Carolyn Driedger described the National Lahar by pointing out various aspects of what it left behind, “We’re seeing this wall of rocks. Big boulders the size of basketballs, and it looks like something that a human being has constructed.” As a lahar plummets down a slope, giant boulders are picked up and smashed against one another to create smaller, faster debris. Because a lahar will likely flow along the same path into the rivers, it could extend as far as the Puget Sound and directly impact the city of Seattle, WA, via post-lahar sedimentation.
When a volcano erupts, it typically spews a cloud of toxic ash into the air. Depending on the size and scale of the eruption, this could entail a plume of material, which flows up into the air as high as the upper atmosphere. This can lead to several problems, including a disruption to electronic communication systems, the blanketing of that ash on a large area when it finally drops to the ground, and a large suspension of air traffic.
Aviation shuts down in the immediate area due to a number of factors, including a reduction in visibility, the disruption of communication, and the threat of ash flowing into a jet intake, which would almost certainly lead to a crash.

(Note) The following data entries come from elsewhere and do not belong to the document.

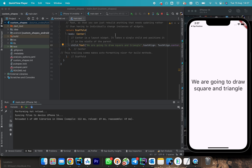For today's session we are going to study how to draw different kinds of shapes in Flutter. We are not going to use any plugin to do this — this is a native feature in Flutter.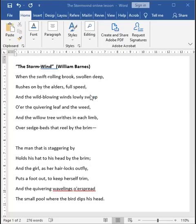In this lesson, we will be analyzing the poem The Storm-Wind by William Barnes.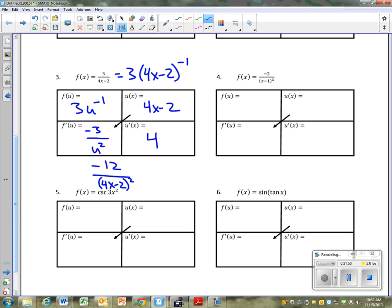See if you can do number 4 on your own: negative 2 over x minus 1, quantity to the 5th.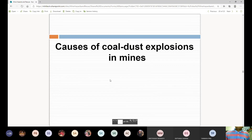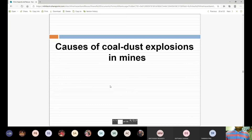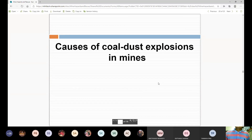This concludes today's class on coal dust explosion. We have discussed the mechanism of coal dust explosion and the factors affecting coal dust explosions. Tomorrow, we will discuss the various causes of coal dust explosions in mines.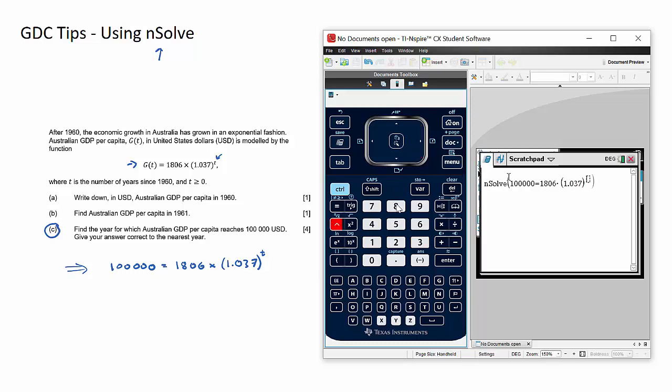Now key point here, whenever you use your calculator both in the scratchpad section or the graphing section, I recommend using the variable x as opposed to other variables like t. It's just good practice, the calculator performs well when x is used as the variable.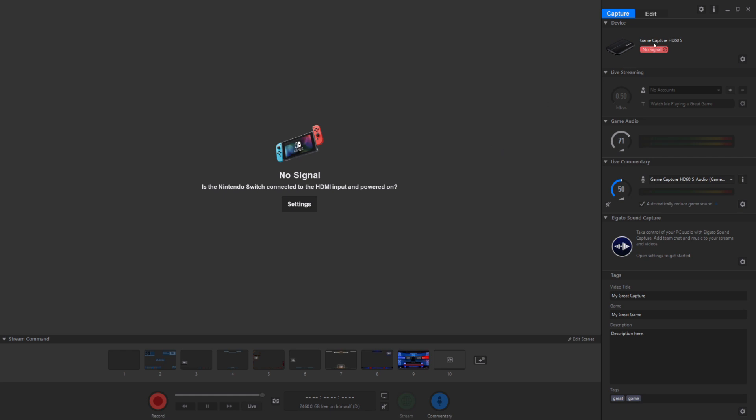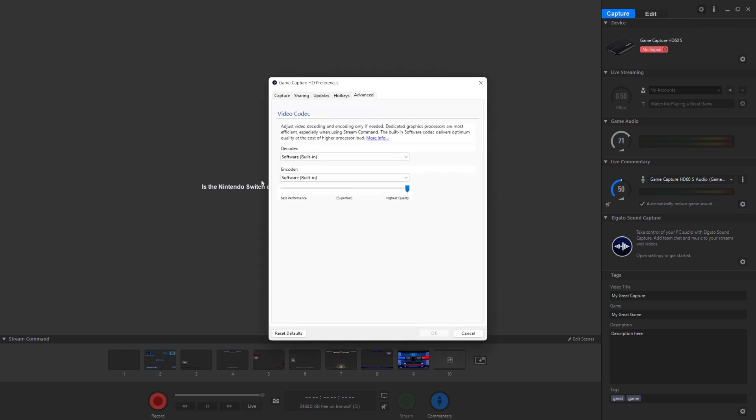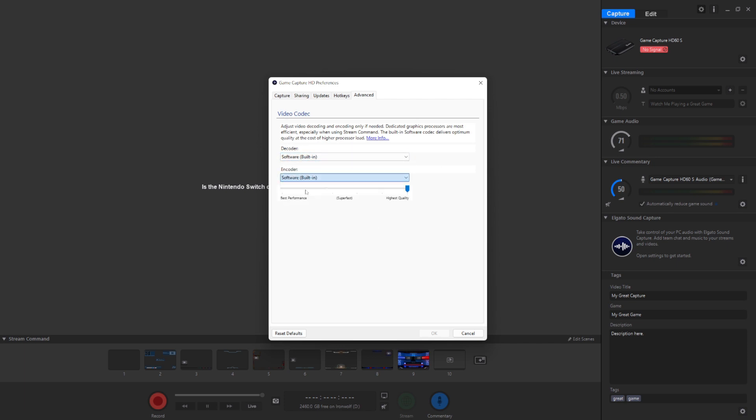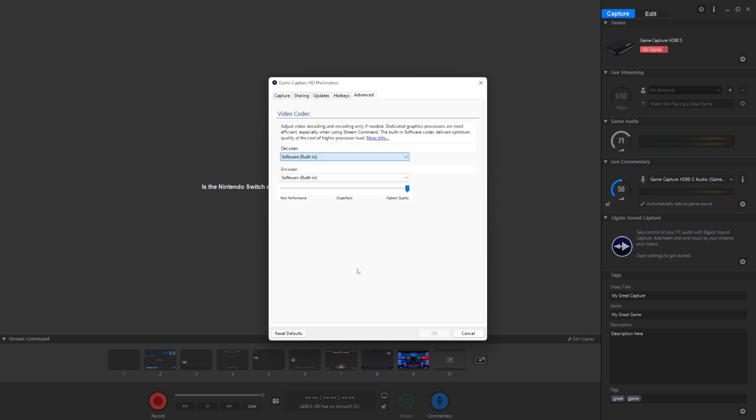Anyways, what you want to do is go up to these settings and then change either the decoder or the encoder to built-in. I don't know which, but all that matters is it's switched away from Nvidia, because Nvidia is the one responsible for the freezing issue.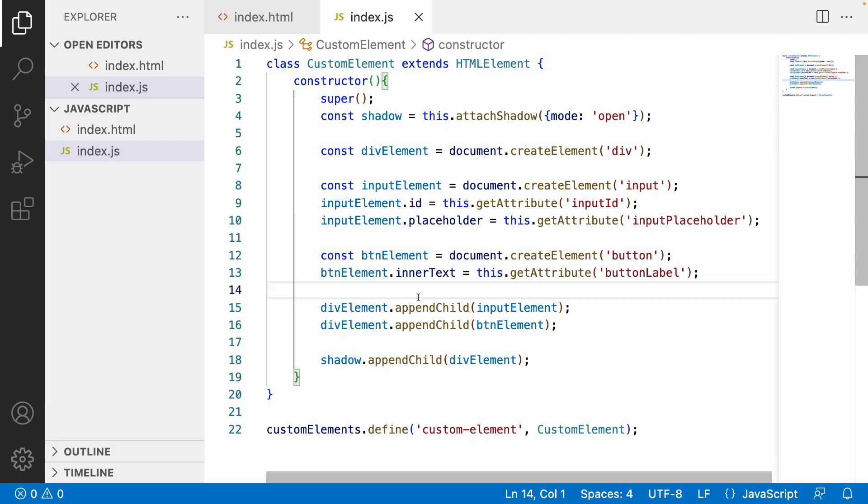In the upcoming video we will do a small example where we will be creating a card component and passing all different types of properties to it. Whenever we enter some values, they will appear in our HTML content. For better understanding, please watch this whole web components series. Hope you liked my explanation — if you did, please like, share, and subscribe to my channel for more updates. Signing off, thank you.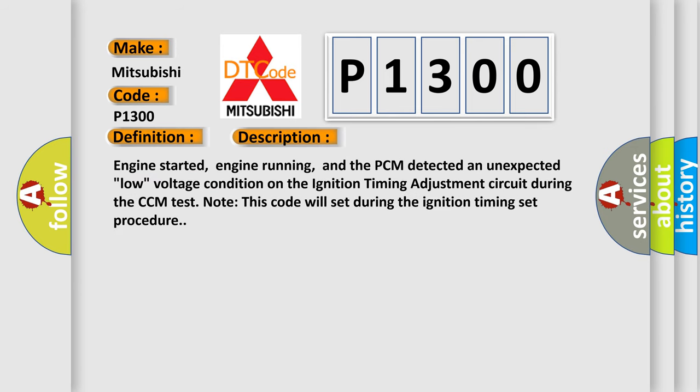Engine started, engine running, and the PCM detected an unexpected low voltage condition on the ignition timing adjustment circuit during the CCM test. Note: this code will set during the ignition timing set procedure.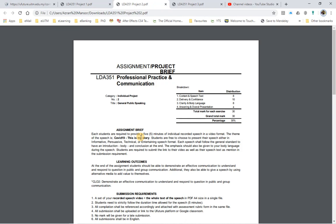Hello and hi again everyone. This is your lecturer. I'm going to give a quick review for project brief number 2 on LDA351 Professional Practice and Communication, to let you know what to expect from you for this second project.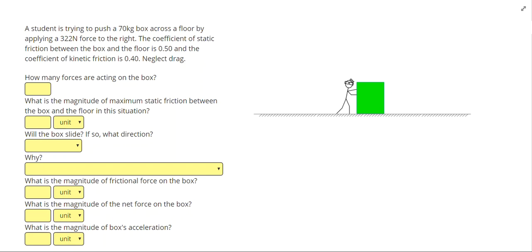In this video we're going to be solving complete problems that involve static and kinetic friction. A student is trying to push a 70 kilogram box across the floor by applying a 322 Newton force to the right. The coefficient of static friction between the box and the floor is 0.5, and the coefficient of kinetic friction is 0.4. Neglect drag.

Volcanic ash is composed of tiny fragments of pulverized rock, volcanic glass, and minerals. It is an incredible risk to flight safety, especially when those flights are conducted at night. When a plane comes into contact with ash, the cinders can scratch up a cockpit, melt inside an engine's combustion chamber, clog fuel nozzles, and lead to a total engine failure. Because this is a real concern to flight safety, aviation is rerouted or canceled in any area considered to be under threat from volcanic ash, and since that could be hundreds of radial miles, the impact can be massive.
Volkswagen-Sized Chunks Of Debris Would Be Blasted Into The Air
Part of what makes volcanos like Mount Rainier so devastating is their crater at the summit. That rock has to make way for the explosive flow of magma rising to the surface, and if Rainier blows like most volcanoes of its size and type, that crater will blow from the mountain with a great deal of force. This will lead to large chunks of rock shooting from the crater to the valley below. According to geologist Carolyn Driedger:
You can envision that there would be blocks half the size of the visitor’s center here at Paradise or the size of Volkswagens and fine grain material being blasted into the atmosphere and then falling back on the snow’s surface.

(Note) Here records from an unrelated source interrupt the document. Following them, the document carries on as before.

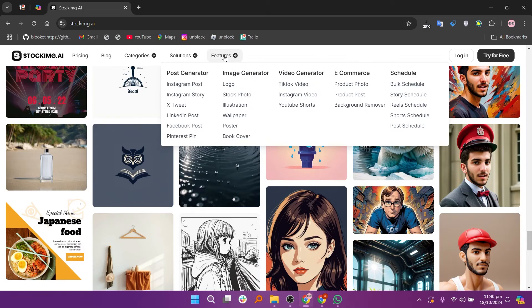That's it! You've successfully created an image using stockimg.ai. Explore the platform further to discover additional features and options for enhancing your design experience.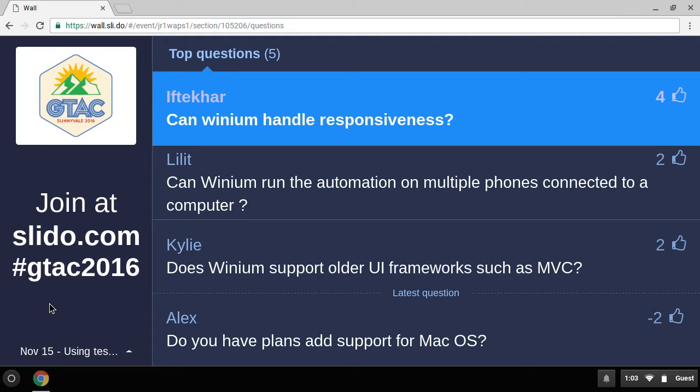Question: can Winium handle responsiveness? It depends on what you mean. Winium is a Selenium-based automation tool, so it doesn't handle it natively. However, you can use it to check if your interface behaves correctly on different screen sizes by getting element widths and asserting against them — though it's quite an unusual scenario. Usually for that, you'd use something like Applitools or another responsive UI verification tool.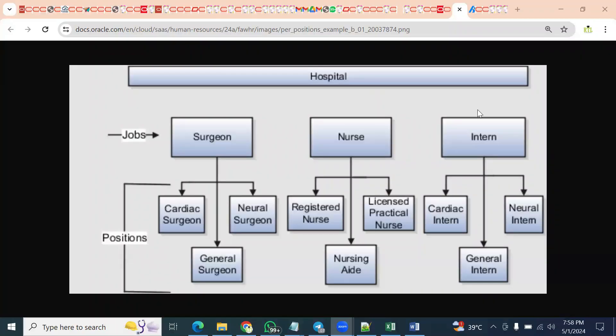It's one of the important questions from an interview point of view. When we say jobs are mandatory for human capital management implementation and positions are optional, how can you suggest to your client whether positions are required for their business, or just jobs are required for their business?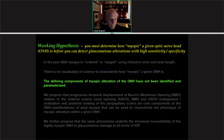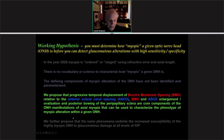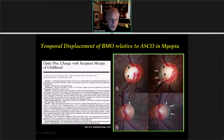We propose that progressive temporal displacement of Bruch's membrane opening — which I will refer to as BMO, delineated points shown in red — relative to the anterior scleral canal opening, referred to as ASCO, shown in blue, enlargement and ovalization of these openings, and posterior bowing of the peripapillary sclera are core components of the optic nerve head manifestations of axial myopia. These can be used to characterize the phenotype of myopic alteration within a given optic nerve head. We further propose that the same phenomena underlie the increased susceptibility of the highly myopic optic nerve head to glaucomatous damage at all levels of intraocular pressure.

Most of those boulders won't make it too far from the mouth of the volcano, but they will likely break up and flow along the lahar, which could take them much further than the base of the volcano.

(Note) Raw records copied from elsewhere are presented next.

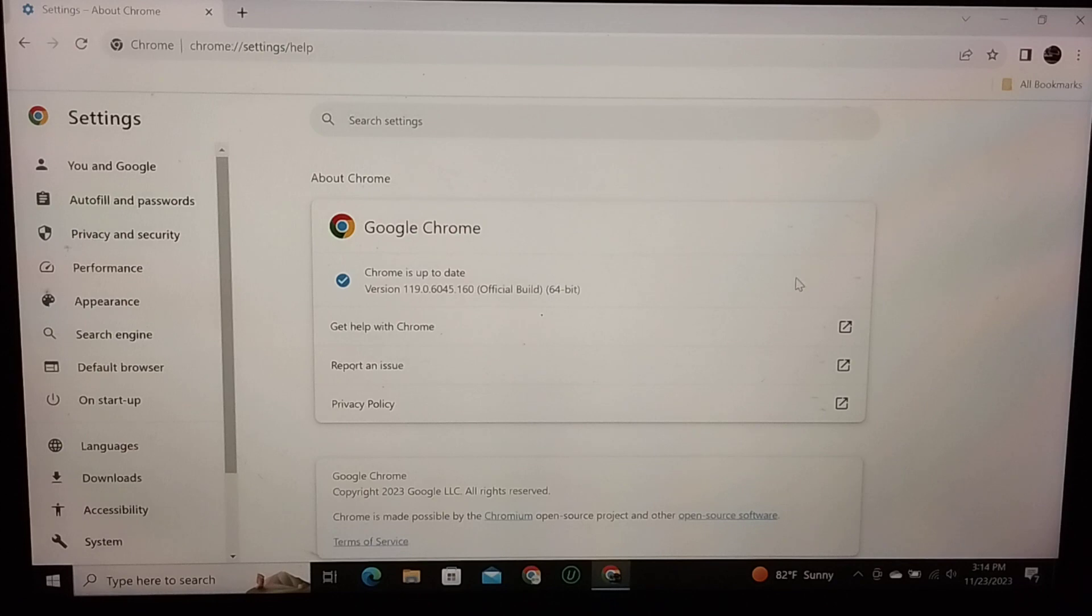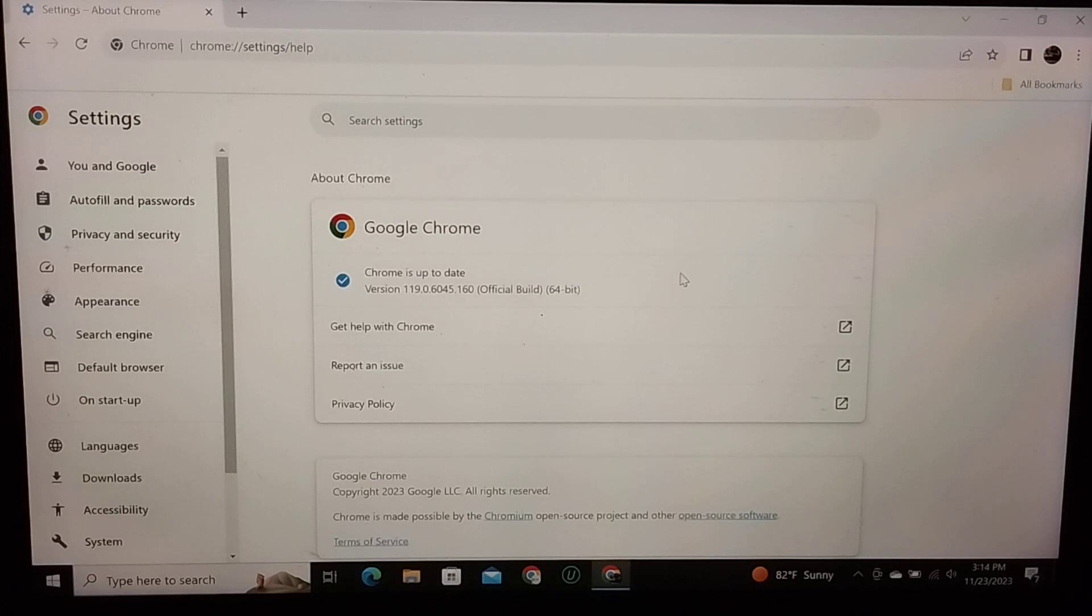You just simply click it and update your Chrome browser, and then you can see Chrome is up to date. So that's it guys, I hope you can understand. Hope this video can help you. Don't forget to like and subscribe to my channel.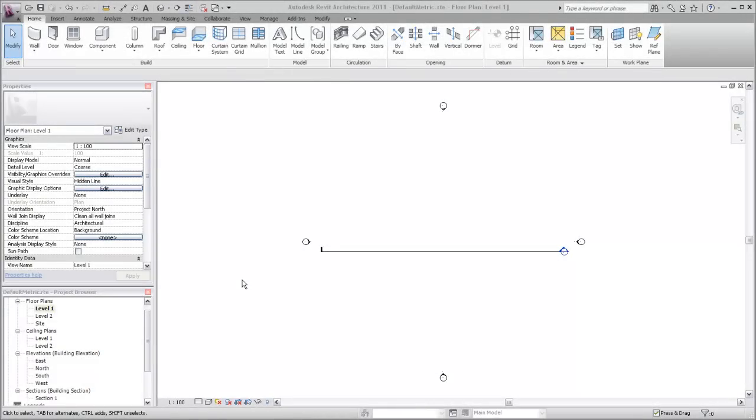A toposurface representing the building site can be created by defining elevation points. The surface itself is generated by triangulating a surface based on the elevation and position of the points you place. Be sure you are in a view where the topography category is visible.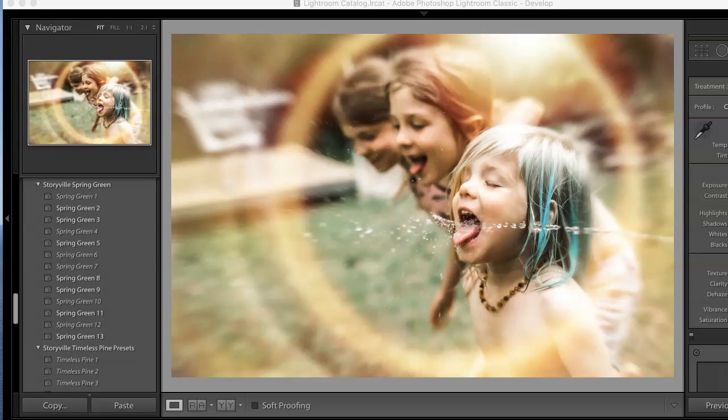Hi everyone, this is Heather Smith with Storyville Photography and today I'm going to show you how to create this super fun image. It's just my kids drinking out of a hose but I was cracking up. You should have seen all the faces that they were making. It was hilarious.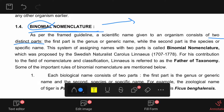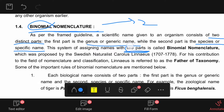In polynomial nomenclature, more than two words are used to represent a scientific name. In trinomial nomenclature, three words are used. The first part is called genus or generic name, while the second part is the species or specific name or specific epithet. This system of assigning names with two parts, divided into two parts, is known as binomial nomenclature.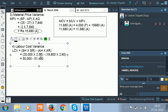Solving this we get 50,000 minus 51,480, which gives rupees 1,480 adverse. So the labor cost variance is rupees 1,480 adverse.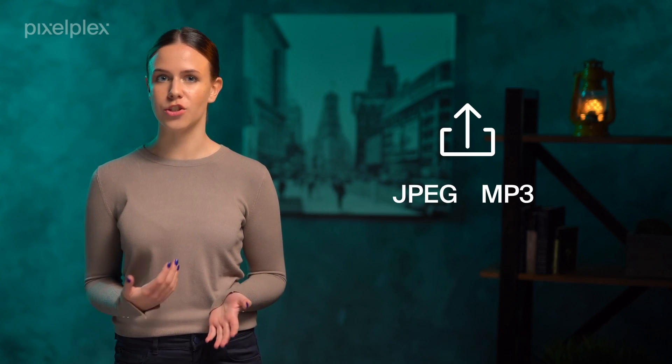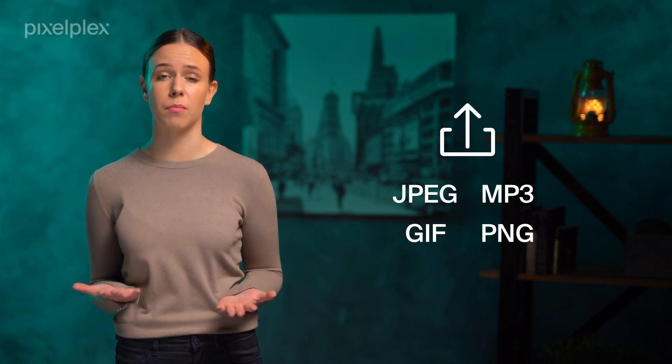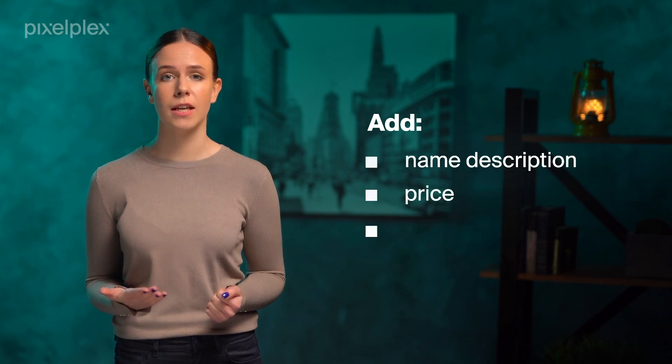To do this, you need to upload a digital representation of your NFT in a JPEG, MP3, GIF, PNG, or another format compatible with the preferred marketplace. Plus, don't forget to add a name, description, price, and other metadata to your token. When you've accomplished this, the marketplace will charge a relatively small fee for publishing it and the sum will be taken from your wallet. The act of adding the metadata and publishing it makes it minted. From that moment on, your NFT can be listed on the marketplace for sale.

You might think a deeply rooted tree would be safe from the flow of water coming down a volcano's slope, but there isn't much that can withstand the force of a lahar. When Mt. Rainier erupts, you can all but guarantee all those old-growth trees won't stand a chance.
When the lahar comes into contact with a tree, it picks it up as if it were a toothpick on the ground, then carries it along with the flow until it is deposited. That could be anywhere along the path of the lahar, but if the eruption of Mt. St. Helens is any indication with the above picture, the surface of Mount Rainier will lose all of its trees along the path of lava and lahars.
This can occur even when Mount Rainier doesn't erupt. On October 2, 1947, Kautz Creek saw the largest debris-flow event recorded throughout history. The road below the mountain was covered with 28 feet of mud, rocks, and trees. This occurred following an extensive and heavy rainfall, but it's easy to see how quickly debris can flow down Mount Rainier.